High school years were looking up for me as I transferred schools to the neighboring town to gain more from their larger academic offerings and best of all, to enter their competitive dance program. Jazz, Ballet and Hip Hop classes was the air I breathed five days a week, and I found a self-confidence bursting forth on stage that never materialized with a ball and mitt.
I was so relieved to finally be good at something, to escape the tyrannical scrutiny of that girl clique that had poked lies into my heart for so long. I was rid of their voices, and danced my skinny body to its delight! It turns out my long limbs were shaped for the graceful turns and pliés of a dancer, not the rough upending of dirt and grit of sliding into home base.
Sometimes, we are critical of the bodies God has given us before we understand how he wants us to use them. I always think of that time in my life when I truly believed that God made me more insufficient than my peers simply because I couldn’t catch a softball. And all of these thoughts were sadly contingent on what other’s thought of me, or what the bible terms: “the fear of man.”

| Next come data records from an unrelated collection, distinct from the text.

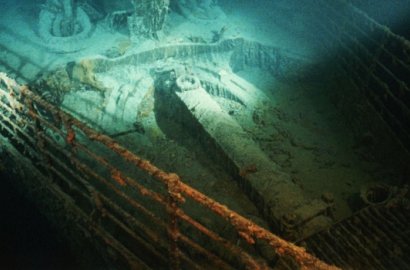 Tur Selam Bangkai Kapal Titanic Rogoh Kocek Hingga Rp 1, 4 M, Berminat Ikutan?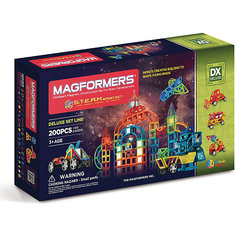 Магнитный конструктор Magformers "S.T.E.A.M. Basic"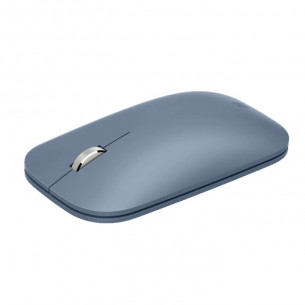 Microsoft Modern Mobile Mouse - Pastel Blue Microsoft Modern Mobile Mouse - Pastel Blue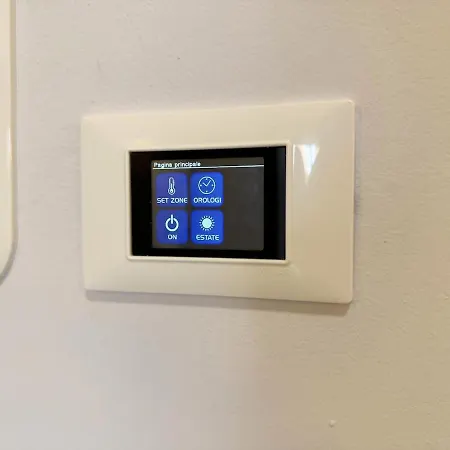 Сasa de vacaciones Con 3 Suite, Giardino, Garage E Parcheggio Privato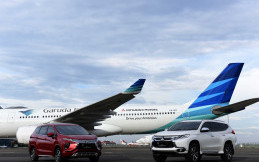 MMKSI dan Garuda Indonesia Kembali Jalin Kerjasama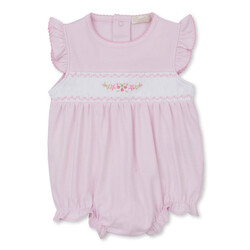 kissy kissy Kissy Kissy CLB Bubble w/ Hand Smock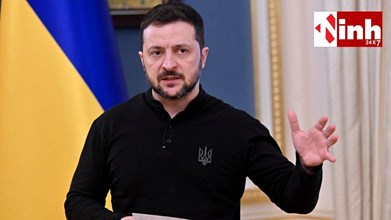 Volodymyr Zelenskyy के विमान के पास पहुंचा ड्रोन, नॉर्वे जाते समय टला बड़ा खतरा;  PM ने बताई पूरी घटना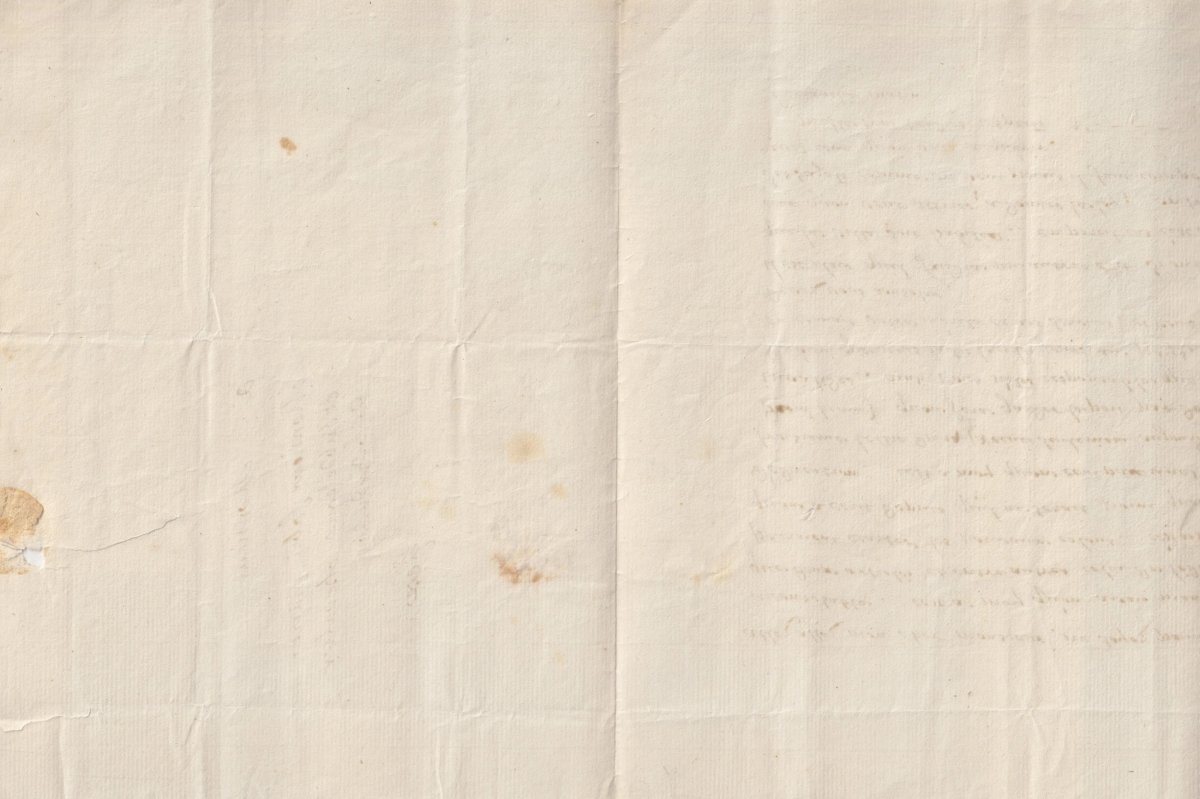 Voltaire - Autograph Letter Signed To The Mayor Of Gex - 1770-photo-5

It has taken me forever to get over these doubts that began in middle school. It would be a lie to say that I have hit rock bottom on my list of insecurities. They keep coming out in ways I don’t expect them to! But you know, one thing is for certain. That when Jesus saw me in that secret, wonderful, mysterious hiding place before the day of my birth, he smiled and knew exactly what he was doing! As the Psalmist proclaims:
I praise you because I am fearfully and wonderfully made; your works are wonderful, I know that full well. My frame was not hidden from you when I was made in the secret place, when I was woven together in the depths of the earth. Your eyes saw my unformed body; all the days ordained for me were written in your book before one of them came to be.
He is one that guards our hearts, jealously desiring that we seek his approval before anyone else has the chance to get in and make a mess of our hearts. Sufficient to say, it has taken a long time to grasp my beauty and individuality as something God designed and adored since the day of my birth.
I only wish I could’ve seen into the future that day in the mirror, to assure myself that despite a few disgruntled peers and my failure in athletics, that someday God would have me return to a middle school building, but this time as a teacher for an after school dance program where I would boost kids confidence with a little music and let them shake out their silly side. I wish I could’ve seen me grinning from ear-to-ear, leaving the stage after my first choreographed solo performance as a senior in high school.
I believe He wants all of us to ask Him this simple question: what would you make of this life Lord? What do you long to purpose with these limbs, however unfit, or these teeth however crooked? What message of hope would you like to come out of my mouth? What God –honoring work do you have for my hands to find? I would love to hear your own stories of coming to find your passion, wherever your awkward stage might have fallen in the timeline of your life. As for me, I praise the Lord that middle school is over, and I have a feeling that I’m not alone!